## EXERCISE PROMPT
Starting at the line with "Total Graph of Mini Finbarr", return every line through the final one of the data, word for word. Pictures stay out.

## DATA EXCERPT
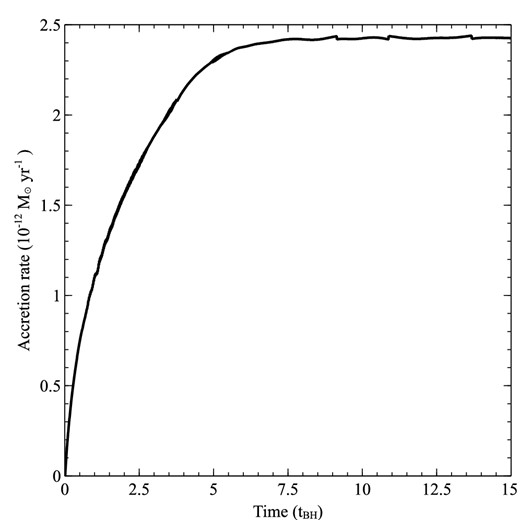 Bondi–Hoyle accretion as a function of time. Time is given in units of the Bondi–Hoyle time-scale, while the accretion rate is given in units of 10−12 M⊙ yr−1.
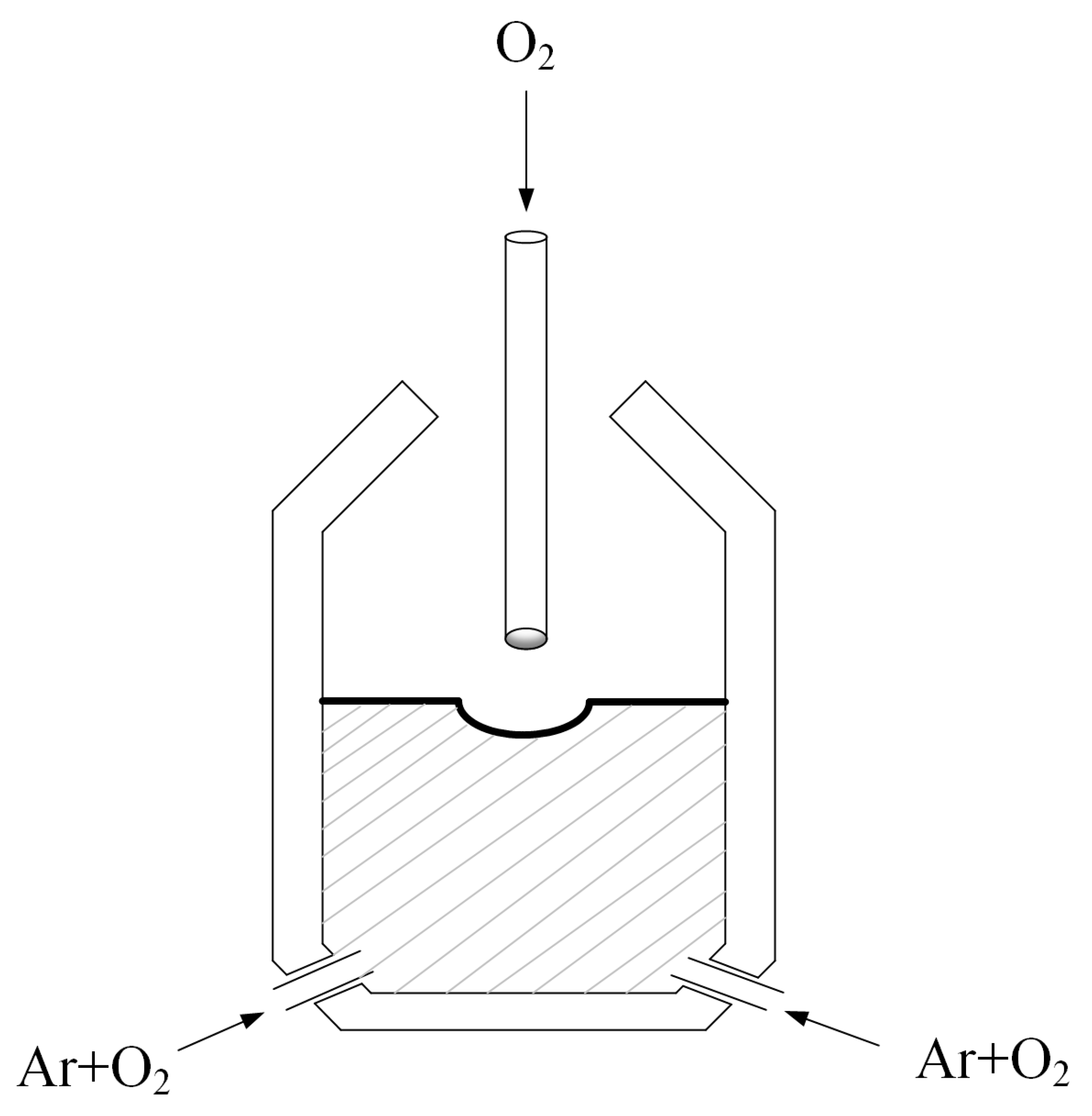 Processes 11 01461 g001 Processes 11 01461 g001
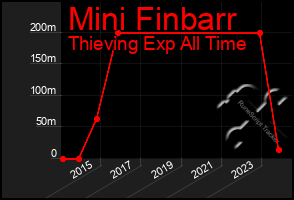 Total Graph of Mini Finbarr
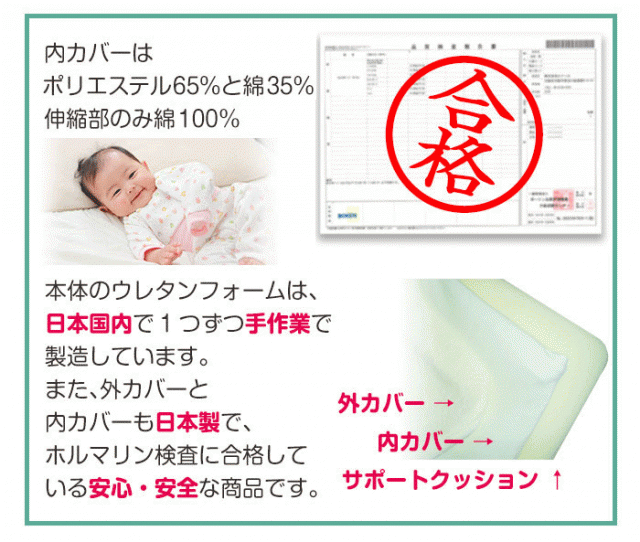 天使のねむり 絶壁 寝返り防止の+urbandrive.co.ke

## WRITTEN ANSWER
 Total Graph of Mini Finbarr
 天使のねむり 絶壁 寝返り防止の+urbandrive.co.ke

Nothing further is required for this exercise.